Projects/Server Hostname Canonicalization
This page tracks efforts to provide a pathway away from using insecure name services for server hostname canonicalization.
- 1 Reverse name resolution
- 2 An option to turn off name resolution entirely
- 3 A transition path for turning off name resolution
- 4 Qualifying short names
- 5 Heimdal name canonicalization rules
- 6 Turning off canonicalization at the KDC
- 7 Other uses of sname-to-principal besides TGS requests
Reverse name resolution
By default, krb5_sname_to_principal() not only canonicalizes server hostnames using forward name resolution, but also tries to use reverse resolution on the resulting IP address. This additional step is not performed by Heimdal and is generally considered to cause more harm than good, but turning it off by default would be disruptive to existing deployments. Release 1.4 added a boolean krb5.conf variable "rdns" which can be set to false to disable this step.

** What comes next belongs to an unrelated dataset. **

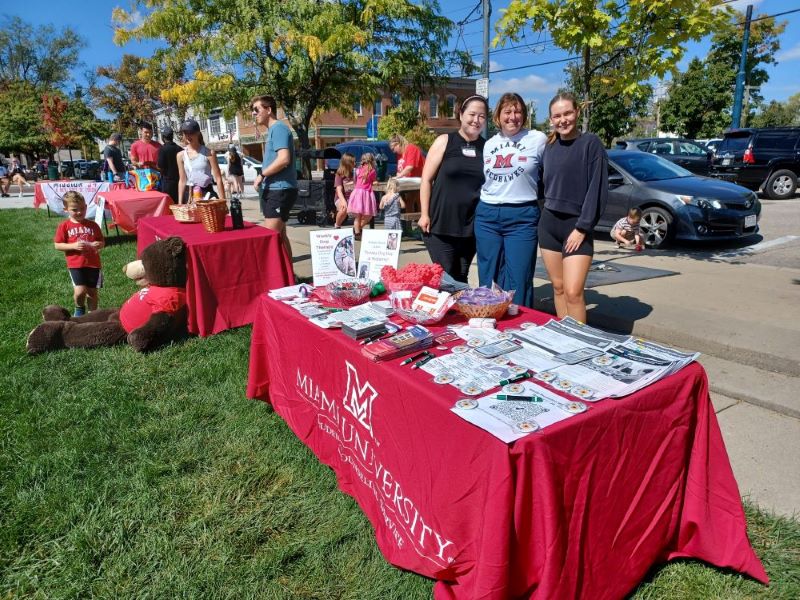 A row of tables in uptown park with red table clothes and suicide prevention related information being offered.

An option to turn off name resolution entirely
Release 1.12 added a boolean krb5.conf variable "dns_canonicalize_hostname" which can be set to false to disable the use of name-service resolution in krb5_sname_to_principal(). This option name was first implemented in Heimdal.

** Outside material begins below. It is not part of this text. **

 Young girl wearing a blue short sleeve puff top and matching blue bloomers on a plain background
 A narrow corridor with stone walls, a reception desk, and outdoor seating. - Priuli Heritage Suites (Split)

A transition path for turning off name resolution
Red Hat's experiments with turning off dns_canonicalize_hostname by default determined that many deployments have provisioned keytabs under the assumption that canonicalization will occur, and that is difficult to determine ahead of time which keytabs need to be re-provisioned.
Release 1.18 will add "dns_canonicalize_hostname=fallback", which will turn off canonicalization in krb5_sname_to_principal(), but will cause krb5_get_credentials() to retry TGS requests after server hostname canonicalization if the original attempt fails with KDC_ERR_S_PRINCIPAL_UNKNOWN.

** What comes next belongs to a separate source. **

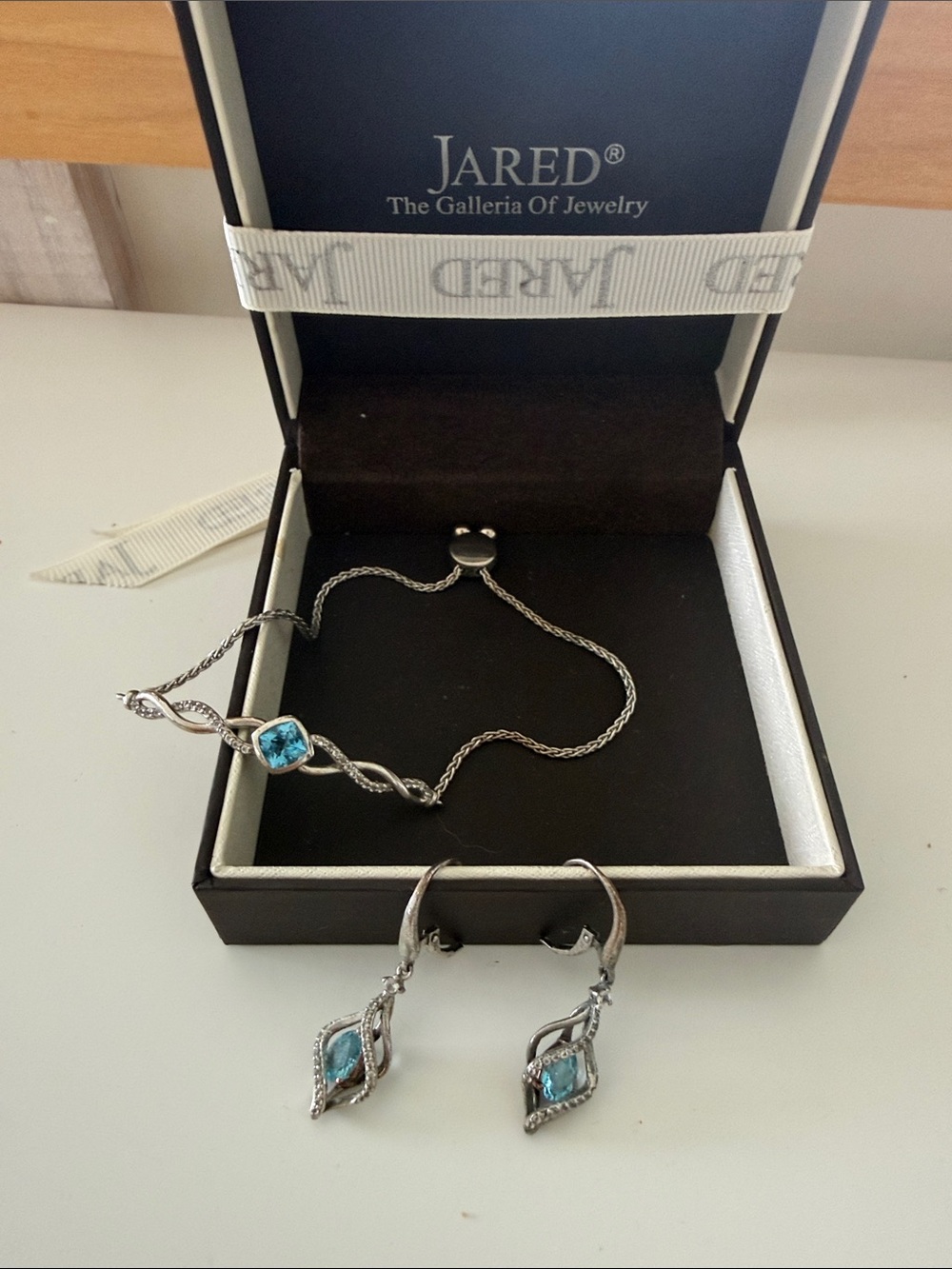 Jared Sterling Silver Blue Gem Drop Earrings and tennis bracelet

Setting dns_canonicalize_hostname=fallback will not provide any security benefit (because the PRINCIPAL_UNKNOWN error can be faked, even if FAST TGS is used). However, examining KDC logs after it has been set can help determine which alias names need keys provisioned.
Qualifying short names
In addition to resolving aliases, DNS canonicalization also expands short hostnames by trying to append one or more DNS suffixes, e.g. changing "small-gods" to "small-gods.mit.edu". Suffixes are tried even for multi-component names if the original name is not found in the DNS. (Suffixes may be tried for multi-component names before trying the original name, if the "ndots" variable is set to a value greater than 1 in resolv.conf.)
If name service canonicalization is turned off, users lose the convenience of automatically qualifying short names. We could restore at least some of this convenience without using DNS. Possibilities include providing a configurable suffix for single-label names, and/or looking into _res (or the res_state object populated by res_ninit()) to find the DNS search suffixes automatically. (TBD: research whether it is similarly possible to obtain this information on Windows.)
Qualifying shortnames with a single suffix is simpler than supporting multiple suffixes, because it could be performed immediately in krb5_sname_to_principal() and does not require retries. Some environments use multiple search suffixes; to support this case, krb5_sname_to_principal() would have to leave the short hostname in the principal name, and krb5_get_credentials() would have to add suffixes when performing TGS requests. An attacker could fake PRINCIPAL_UNKNOWN errors to influence which suffix is used for the successful query if server principals are present for multiple qualified versions of the short name.
The local hostname
A significant case of short names is the local hostname. POSIX provides a gethostname() function to determine the local name, but it normally only returns a single label. The only standard way to expand this name to a fully-qualified name is to use getaddrinfo(), which risks using insecure name resolution (although in many cases the answer is discovered after consulting only /etc/hosts).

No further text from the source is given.